Отступаю к двери и трясущимися руками поворачиваю в замке ключ. Анна идет за мной.
– Мы всегда приносили друг другу только несчастья, – продолжает она. – Когда он вернулся из приюта, стало еще хуже. Я уговаривала его уйти, сбежать, пыталась пристрастить его к выпивке. Но ему удалось выкарабкаться, и он ушел к тебе, а мне осталось только вскрывать вены.
– Я тебе не верю!
– Не хочешь верить. Знаешь, ведь я даже какое-то время жила в этом доме.
– Что?
– Родители меня выгнали, и я жила здесь. Бен тоже все время тут ошивался, не сводил с нас своих мерзких глаз – подглядывал, подслушивал. Этот дом… Он раздавил, уничтожил и меня, и Патрика. Здесь меня постоянно преследовали кошмары. А тебе разве не снятся страшные сны?
Да, иногда я просыпаюсь по ночам от сердцебиения и хочу закричать, а голоса нет. В шуме моря мне мерещится шепот, шорохи и скрипы старого дома, и я не могу понять, слышу я их во сне или наяву.
– Я видела, с каким лицом Патрик выскочил из дома. Ты знаешь, что теперь будет? Думаешь, вернется, и все будет хорошо? – спрашивает Анна.
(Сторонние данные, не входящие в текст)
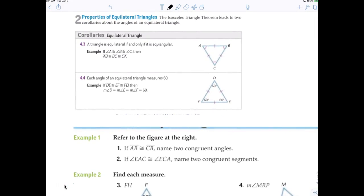Let's take a quick look at an equilateral triangle. If all the sides are equal, then all the angles are equal. The measure of each angle in an equilateral triangle is 60 degrees — 180 divided by 3 is 60. If something is scalene, that means no sides are equal, and therefore none of the angles are equal either.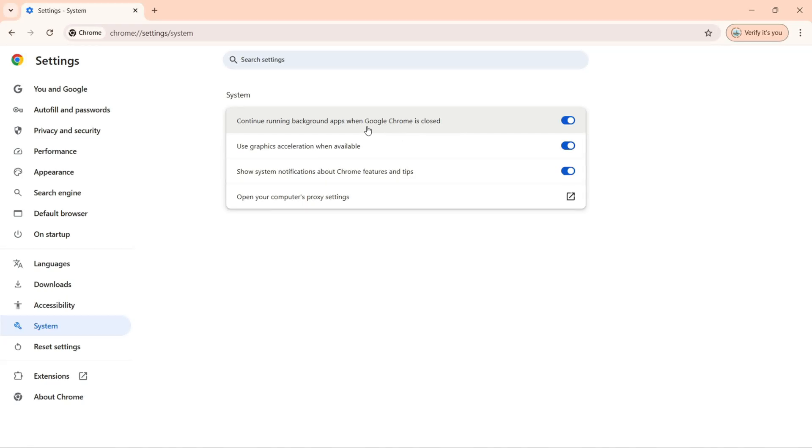If you don't want to use it and you don't want to run the apps in background, then we can turn it off.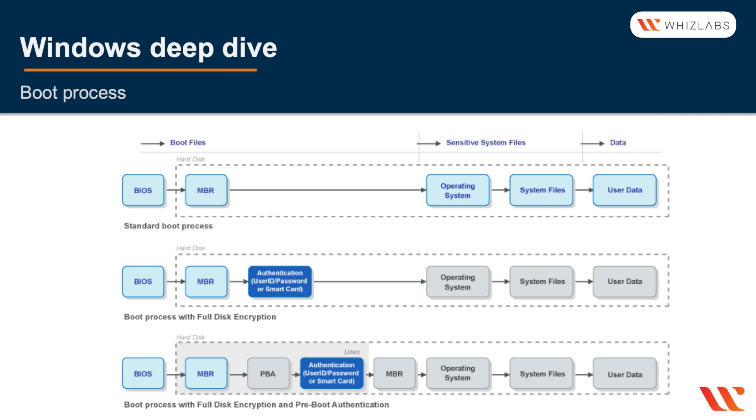The sensitive system files start from the operating system part. So before that you can add an authentication with a user ID and password or through a smart card, and that will provide the full disk encryption.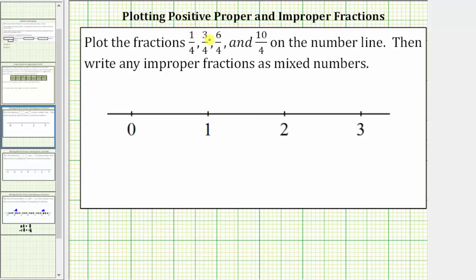We're asked to plot the fractions one-fourth, three-fourths, six-fourths, and ten-fourths on the number line, then write any improper fractions as mixed numbers. Notice for all the fractions, the denominators are four. Because of this, we will cut each length equal to one unit into four equally sized parts or lengths.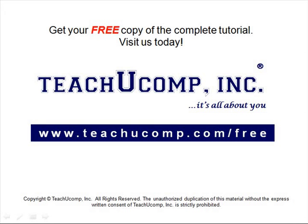Get your free copy of the complete tutorial at www.teachucomp.com forward slash free.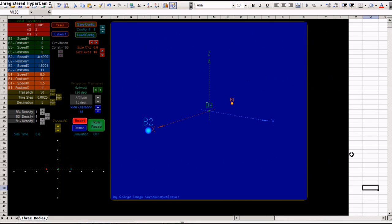This is a planetary system in Excel. It is one of the most advanced I have ever built.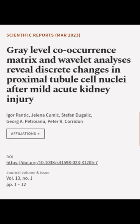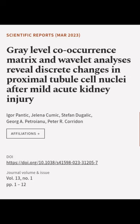This article was authored by Igor Pantik, Yelena Kumik, Stefan Dugalik, and others.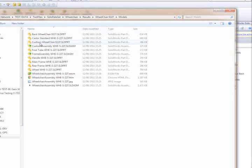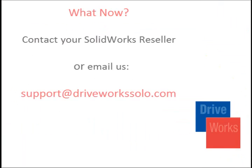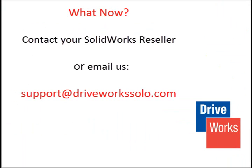That brings us to the end of our video. If you have any questions, please contact your SolidWorks DriveWorks Reseller or contact us at support@DriveWorksSolo.com.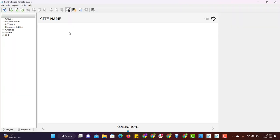The other software is ControlSpace Remote Builder. This software is used to create touch panel controls. Once the program file is ready in ControlSpace Design software,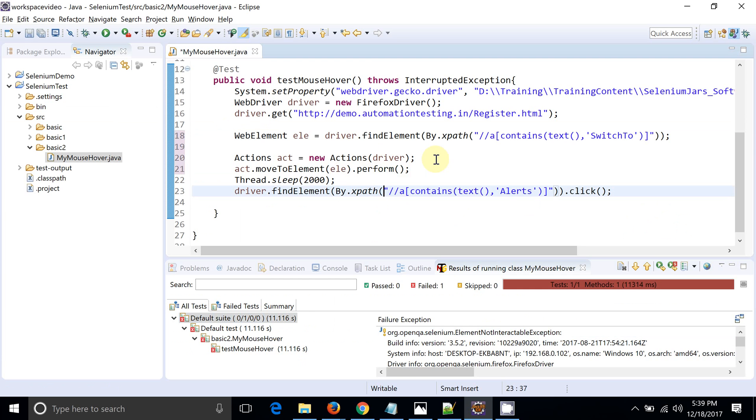This is how mouse-over functionality is performed using Selenium WebDriver. We are done with this mouse-over functionality video — thank you guys.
– Теперь это не имеет значения, – говорю я громко, обращаясь не только к ней, но и к себе самой, и к дому-убийце. – Я уезжаю. Забираю дочь и уезжаю.
– А Джо?
– Джо поступает в колледж и будет жить с… другом. Они вместе снимут жилье.
– Джо? – Анна морщит лоб. – Ты шутишь? Он же еще маленький.
– Знаю, но ему скоро восемнадцать, и он в любом случае собирается поступать в колледж.
– Как? Ты говорила, что ему пятнадцать.
– Это Миа пятнадцать, не Джо.
Анна подходит к фотографии детей на стене и вглядывается в их веселые лица.
– Они же близнецы.
– Нет, между ними почти два года разницы.
Рука Анны замирает на снимке.
– Два года? – Она стоит ко мне спиной, но я почему-то киваю. Анна срывает со стены фотографию, смотрит на нее, не отрываясь, и наконец едва слышно произносит: – Что же ты наделала?
– Ты о чем?
Анна оборачивается – лицо искажено гневом, в глазах стоят слезы; рамка, пролетев мимо меня, ударяется о стену, и я едва успеваю пригнуться от разлетевшихся осколков.
– Ведьма! Подлая, мерзкая воровка! – кричит Анна и бросается ко мне.